Tout le monde ne partage pas ces valeurs et idéaux de l'Occident, notamment les régimes du national- capitalisme autoritaire. L’approche occidentalo- centrée aveugle ses tenants. Il est irréaliste, contre- productif et dangereux de traiter, en se conformant à ces valeurs occidentales libérales, ceux qui les dédaignent et qui cherchent à les détruire. Être pacifiste devant un ennemi de la paix, c’est se suicider.

Dans son dernier discours devant l’Assemblée du Peuple égyptien, le 5 Sept 1981, quelques semaines avant son assassinat, le président Anouar al Sadate, qui n’était pas un grand démocrate, mais qui l’était quand même plus que son prédécesseur et que son successeur, a affirmé que « [Quand il le faut], La démocratie a des crocs et des griffes, et ses crocs et griffes sont plus féroces que ceux de la dictature ».

La fermeture des médias d’Etat russe en Europe, qui intervient assez tardivement, peut être ainsi considérée comme une première sortie de griffes, par les démocraties occidentales, à l’encontre de la dictature de Poutine qui profitait des valeurs de liberté d’expression en Occident, pour mieux fragiliser ses Etats et sociétés. 

Le véritable défi pour l’Occident sera de trouver un juste équilibre entre, d’une part, son attachement à ses valeurs libérales et, d’autre part, les besoins de la confrontation des dictatures qui le menacent.

Mais l’aveuglement n’est pas seulement d’ordre civilisationnel, il n’est pas seulement celui d’une bonne partie de la société occidentale. Il est également d’ordre stratégique.

II.- L’obsession de l’islam et aveuglement stratégique

Depuis la chute de l'Union soviétique en 1991, les stratèges occidentaux, déclarant la « fin de l'histoire », ont brandi, sous le titre de « clash des civilisations », le chiffon du péril de l’islam. Le 11 Septembre 2011 fut un tournant leur permettant d’avaliser leur théories sur le danger intrinsèque à l’islam et qui constituerait selon eux, pour l’Occident, la menace principale.

Certes, le péril terroriste, notamment dans sa variante dite « islamiste », est réel. Mais il a été assez exagéré - les visées électoralistes avec l’extrême- droitisation du discours politique y étant pour beaucoup, comme lors de l’actuelle campagne présidentielle en France -, et ses causes réelles ont été largement incomprises (en France, par exemple, on a préféré écouter, dans les hautes sphères de l’Etat, les Kepel et les Rougier avec leur approche culturaliste de l’islamisme, au lieu d’entendre les Burgat (approche politiste) et les Roy).
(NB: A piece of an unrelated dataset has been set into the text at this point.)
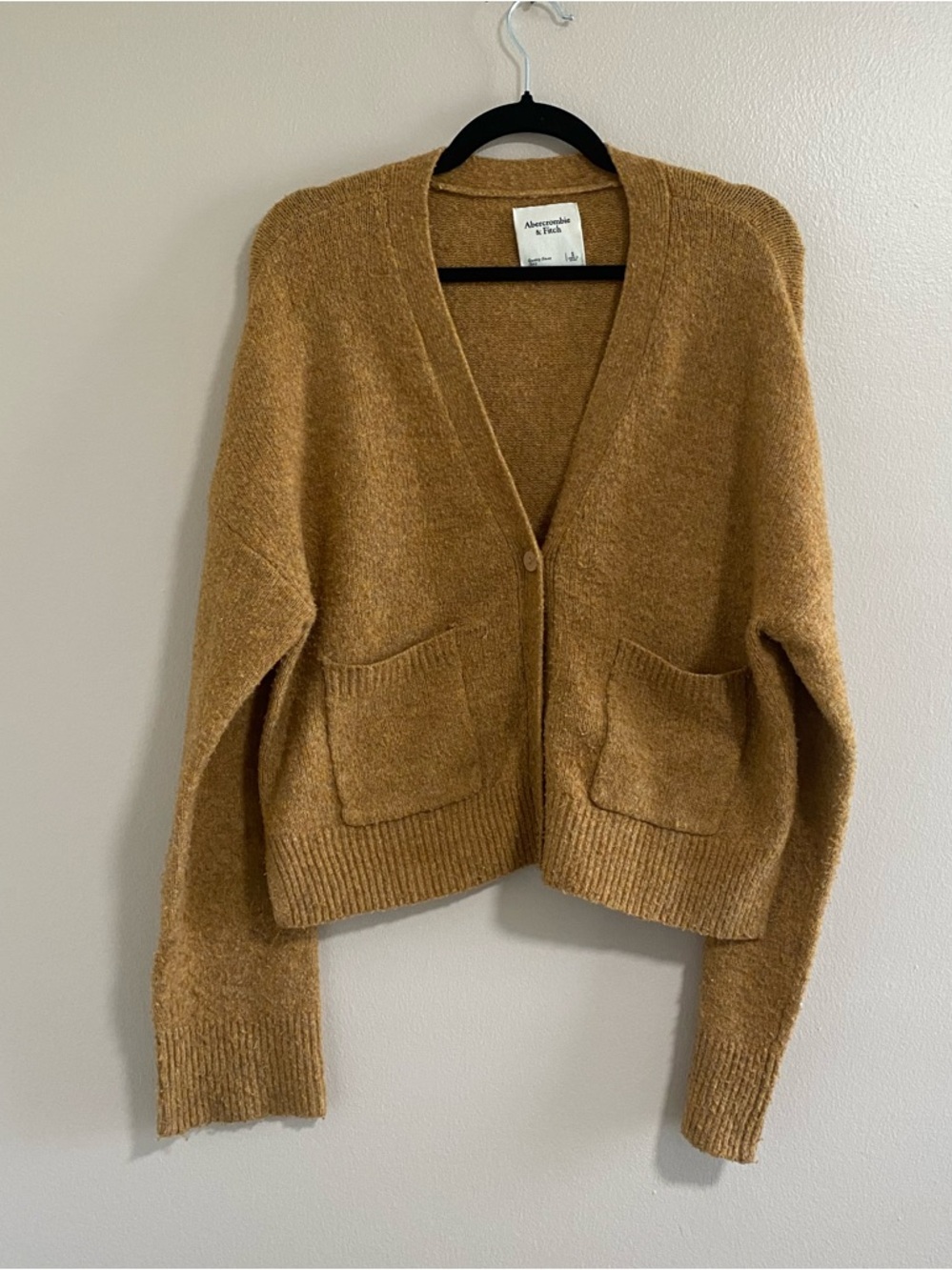 Abercrombie & Fitch Golden Brown Slouchy  V-Neck Cardigan Sweater Size Small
Il en a résulté une inefficacité des moyens pour lutter contre le terrorisme, couplée avec une danse macabre sur la frontière de la légalité (Guantanamo, par exemple), voire une contre- productivité de ces moyens, se traduisant notamment par un grand sentiment d’injustice et de ressentiment, à l’égard de l’Occident, qui a été ainsi nourri chez des générations de jeunes musulmans, y compris en Occident même. Si, à ce cocktail, on ajoute - pour reprendre le titre du dernier rapport d’Amnesty International y relatif - l’apartheid israélien contre le peuple palestinien (Israël étant un Etat dans le giron occidental), le ressentiment peut atteindre le niveau actuel qui pousse nombre de musulmans et d’arabes dans le monde, surtout en Occident, à verser dans une déplorable -quoique compréhensible - rhétorique de compétition victimaire, ainsi qu’à refuser d’exprimer leur solidarité avec le peuple ukrainien, parce que considéré comme occidental ou comme l’allié des Occidentaux, et oubliant, au passage, les crimes commis par Poutine contre les populations musulmanes de Tchétchénie ou de Syrie.
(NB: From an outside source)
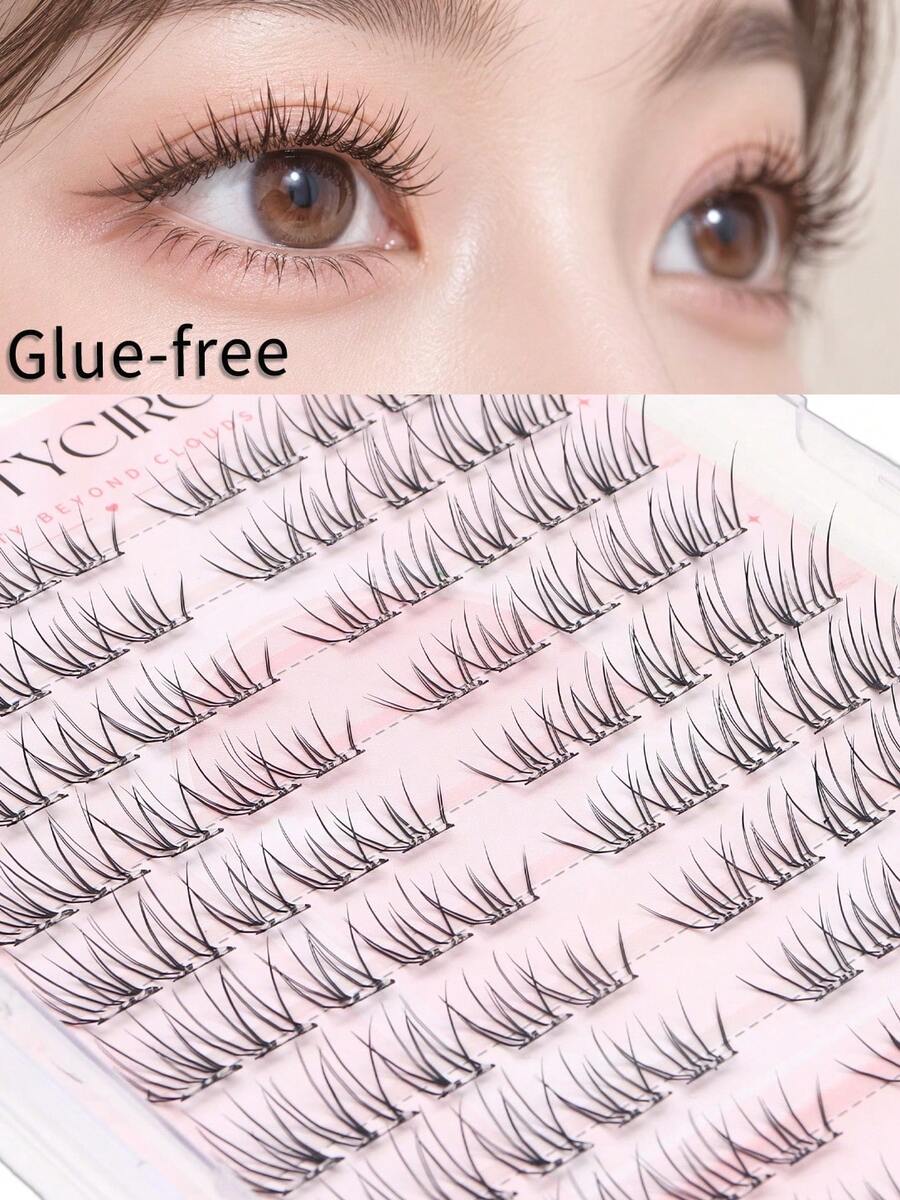 WANPIN 10-Row Glue-Free Segmented False Eyelashes, No Glue Needed For Better Lash Protection, Lightweight And Comfortable All Day, Natural Look Without Artificial Appearance - C - View 1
Ainsi, depuis le tournant du 11 Septembre, plus de 20 ans se sont écoulés, pendant lesquelles les pays occidentaux - les Etats- Unis en tête - ont concentré la majeure partie de leur stratégie défensive, à l’intérieur et à l’extérieur de leurs frontières, autour de la « guerre contre le terrorisme » ; 20 années pendant lesquelles ces pays occidentaux ont perdu de vue la montée des dictatures avec leur idéologie du national- capitalisme autoritaire et qui constituent, notamment par leurs capacités militaires, leurs succès économiques, voire par leur poids démographique (la Chine), un danger hautement plus grave pour l’Occident.  De la Tchétchénie, à la Géorgie, à la Syrie, en passant par la Crimée et le Donbass, les Occidentaux ont laissé faire Poutine. En Syrie, certains ont même justifié l’intervention de Poutine et ont appelé à le rallier face au terrorisme, comme les Occidentaux avaient rallié Staline face à Hitler.  Avec l’invasion russe de l’Ukraine le 24 Février dernier, le réveil des stratèges occidentaux fut violent.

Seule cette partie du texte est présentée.